岩田氏も指摘していますが、学歴しかり、会社名しかり、肩書きしかり。人はついついその上にあぐらをかこうとし、その状態に満足してしまうことがあります。そして、思考停止になる。そうならないよう自分を戒めなくてはならないと、改めて思わされる言葉です。

どこまで高く、遠くまで行こうとしているのか。特に、今の時代は「これから」が問われると思います。その中で、自分がまわりを牽引して顧客に価値を提供していかなくてはならないかもしれません。その際、言葉がとても重要な役割をもってくるのは間違いないことではないでしょうか。

言葉自体はもちろん大切。でも、それを誰に、いつ、どのように伝えるかも重要。

著者
高野 登
出版日
2011-08-20

「言葉を磨く」というと言葉自体に目が行きがちですが、いつ、誰に、どのようにその言葉を伝えるかということも不可欠な視点です。どんなに良い言葉であっても、相手の状況に合っていなかったら伝わりません。

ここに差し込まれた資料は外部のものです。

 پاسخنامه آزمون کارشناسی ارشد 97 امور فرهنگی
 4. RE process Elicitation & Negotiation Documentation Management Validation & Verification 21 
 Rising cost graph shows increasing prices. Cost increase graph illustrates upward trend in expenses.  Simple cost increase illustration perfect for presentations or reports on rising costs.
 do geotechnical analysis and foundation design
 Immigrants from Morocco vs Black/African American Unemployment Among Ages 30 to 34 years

当たり前のことではありますが、その当たり前のことがなかなか難しいもの。

その際、とても参考になると思うのがサービス業のプロの接客。皆様もレストランやホテルなどで気持ちが良い接客を受けて、心が動いたことはありませんでしょうか? 絶妙なタイミングでの声掛けなどをされ、私も感動したことがありました。マーケターとして顧客と接する中でいかにそれを実現するかを考え続けています。

その中でも参考になる書籍のひとつが本著。リッツ・カールトン日本支社長をされていた著者が、自身の経験をもとにどのように顧客と心を通わせる接客をするかということを「言葉がけ」の観点からまとめています。様々な状況の顧客を相手に仕事をしているからこそ、得られる視点。読んでいて勉強になりました。

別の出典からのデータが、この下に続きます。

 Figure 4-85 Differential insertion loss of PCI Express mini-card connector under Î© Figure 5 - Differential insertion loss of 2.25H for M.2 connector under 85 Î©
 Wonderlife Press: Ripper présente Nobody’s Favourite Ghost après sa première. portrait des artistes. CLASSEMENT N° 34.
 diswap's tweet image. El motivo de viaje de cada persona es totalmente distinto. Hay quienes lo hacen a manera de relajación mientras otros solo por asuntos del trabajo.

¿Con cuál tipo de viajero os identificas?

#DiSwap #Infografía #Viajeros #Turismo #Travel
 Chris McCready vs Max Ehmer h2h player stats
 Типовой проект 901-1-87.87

一流ホテルでの話がすべてなので、「自分と業界が異なるし参考にならないな」と思われるかもしれません。ただ、「自分の仕事だと、どのような状況が近いだろう?」「自分の場合、〇〇するために何をしているだろう?」など自分の話にできるかぎり置き換えてみることで、学ぶことが多くあります。

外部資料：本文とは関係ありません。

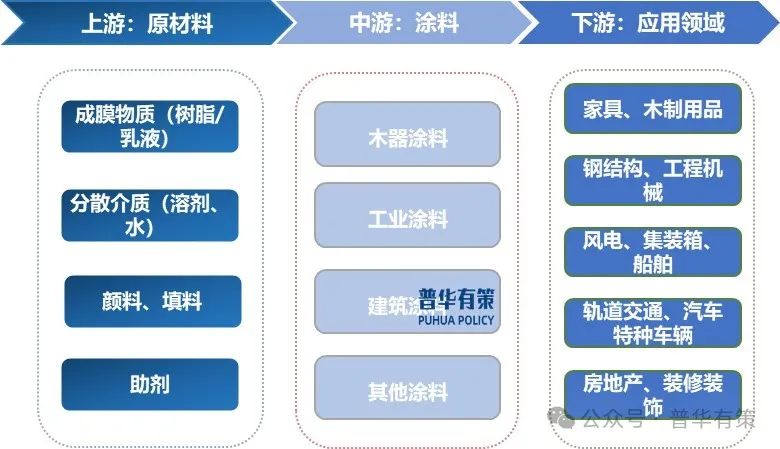 2025-2031年涂料行业细分市场调研及投资可行性分析报告-第2张图片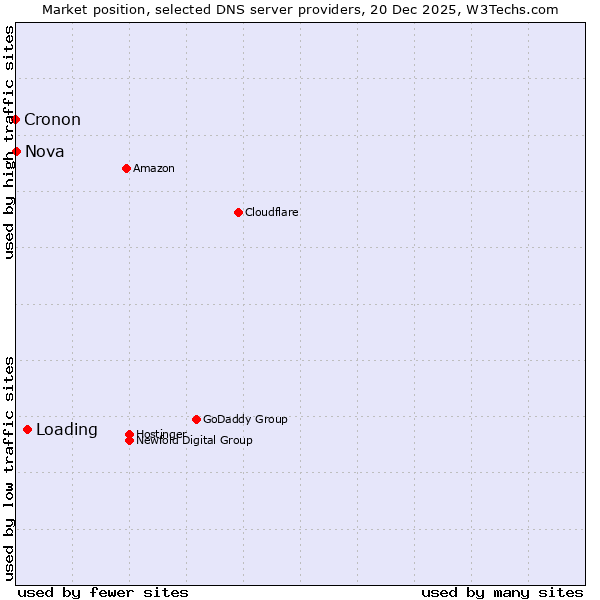 Market position of Loading vs. Nova vs. Cronon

書籍の中で特に印象に残った顧客に対する言葉がけを挙げると「今日はお薦めできません」「お客様にぴったりのお部屋は、別のホテルにございます」といういわば“自分を薦めない”言葉です。普通であれば、自社サービスを利用してもらいたいですし、より高いサービスを利用してもらいたいもの。ただ、それを提供し、使ってもらうことが顧客にとって本当に良いことなのでしょうか? そのような状況で使ってもらったときに、顧客が感じる価値が期待値を下回るものだったら? きっともう利用してくれなくなるかもしれないですし、悪い評判が立つことも考えられるでしょう。短期間だけ利益が上がればいいということであれば話は別ですが、その方法で事業を継続することはできるのでしょうか?

顧客に合わないと思ったら利用を薦めないという勇気も必要だと思います。そうすることで、得られるものも多々あるのです。私もそのような経験をすることがよくあります。顧客(相手)の立場に立つこと、いつまでも忘れたくないですね。

今回は、言葉を扱う仕事をしていて日々感じていることを交えながら、「言葉磨き」の大切さについてお伝えしてきました。言葉を磨く上で、インプットとアウトプットは不可欠。その繰り返しで言葉が磨かれていくのは間違いないことです。読書はその上で、とても有効な手段のひとつなのではないでしょうか。人は必要なときに、必要な人だけでなく、必要な本にも出会うもの。その出会いを大切にし、たくさんの気付きを得て、人として成長して、言葉を磨き続けていきたいですね。自分も精進していきたいと思います。